Infine, le università pubbliche e in presenza dicono di temere la concorrenza di quelle online, ma una simile preoccupazione è infondata, dato che soltanto il 2,9% degli immatricolati con meno di 23 anni sceglie una telematica. Ancora oggi, il tipico studente degli atenei online è un lavoratore voglioso di crescere, studiare e avere migliori prospettive lavorative. Davvero non si capisce perché bisognerebbe penalizzarlo.
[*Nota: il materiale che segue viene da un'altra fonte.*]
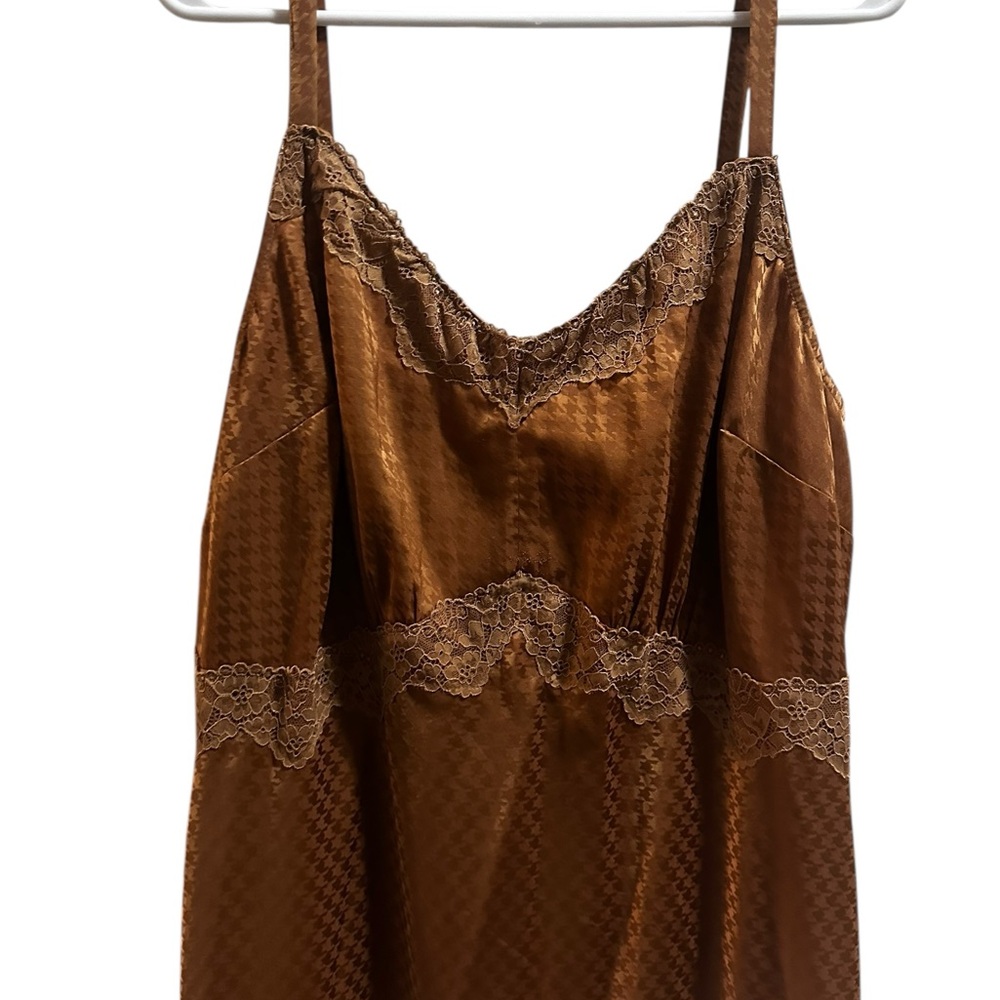Torrid Woven Jacquard Silky Lace Trim Midi Dress size 2 (2X) - Picture 4 of 12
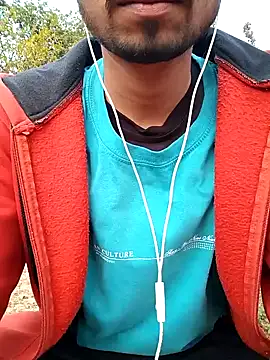 Snapshot of Piyush_2024 chatting on 01/15/25, 11:32 Piyush 2024 online show from 01/15/25, 11:32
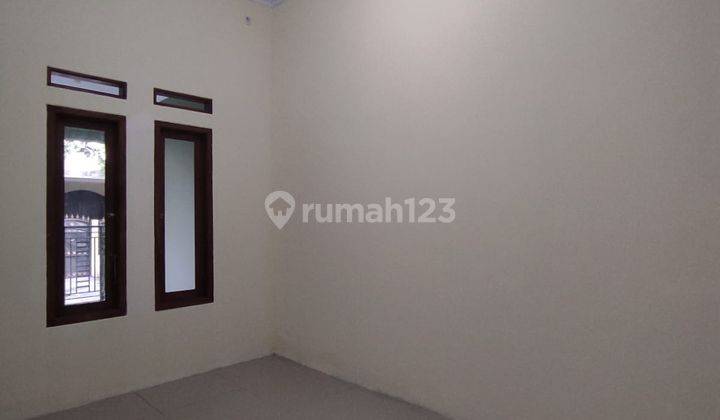 Rumah Bangunan Baru Di Sepatan Dekat Ke Pusat Kota 2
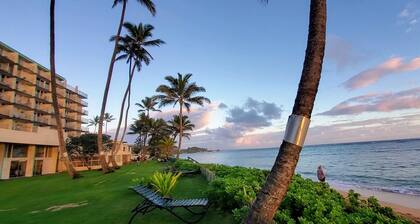 Beach Front Hawaii Condo w Amazing Sunrise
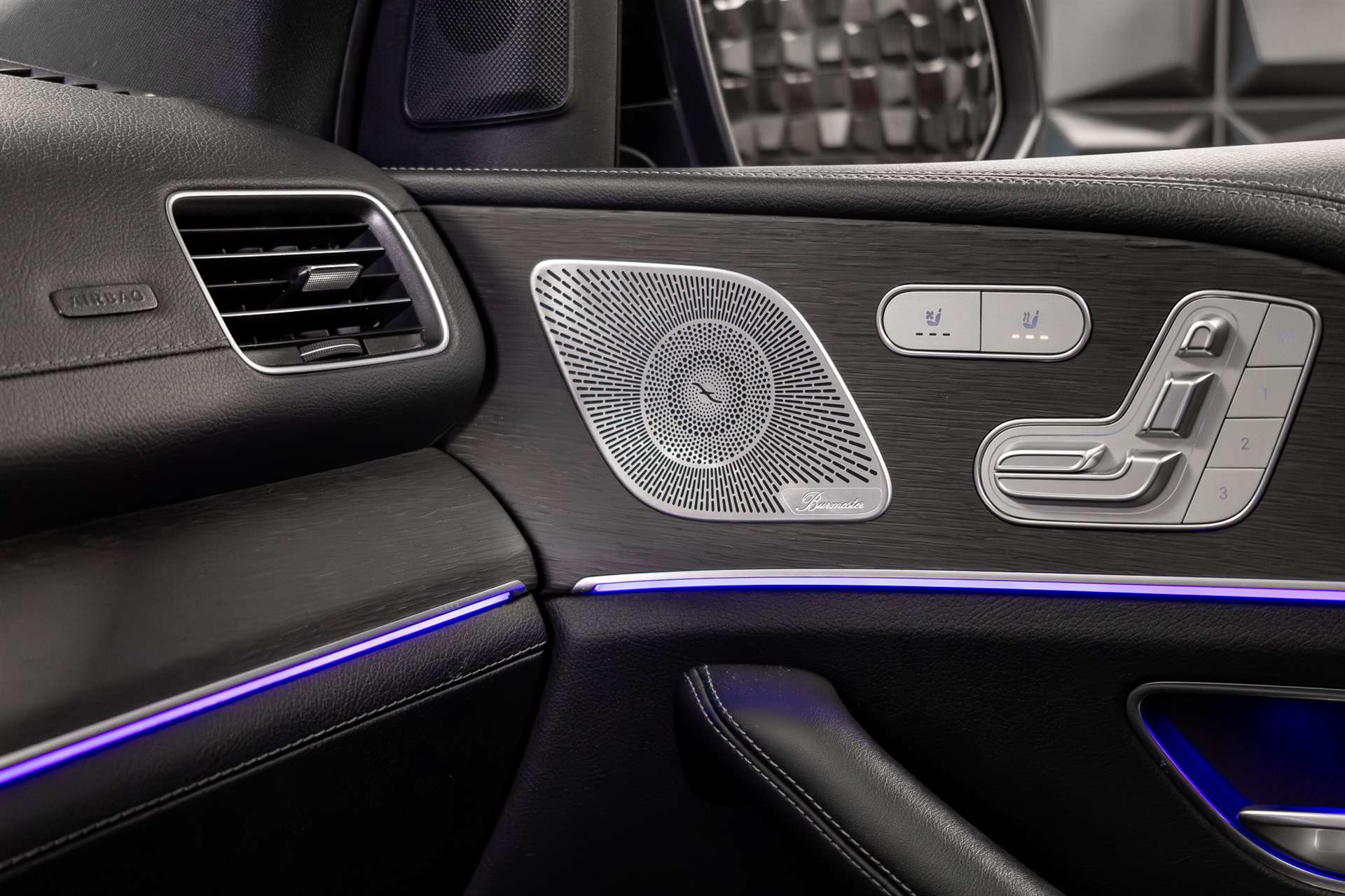 MERCEDES-BENZ GLE 400 d 4Matic AMG Line 9G-Tronic-image-22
In realtà, un tempo le università tradizionali erano in grado di porsi al servizio degli studenti lavoratori. Quando avevo vent'anni, a Genova (in via Balbi), tutta una serie di corsi erano tenuti in orario serale, proprio per permettere ai lavoratori di frequentare le lezioni. Perché le università tradizionali non si chiedono come sia stato possibile che abbiano perso pure questo treno? Perché non utilizzano al meglio gli strumenti telematici di cui già dispongono e che nel biennio pandemico sono stati l'unica possibilità di insegnare e studiare?

La scienza economica insegna che chi non regge la concorrenza solitamente cerca di catturare il regolatore: prova a comprare l'arbitro nella speranza di ottenere un rigore che non c'è.

Questa guerra condotta dagli apparati pubblici universitari contro gli atenei privati ne è davvero la conferma.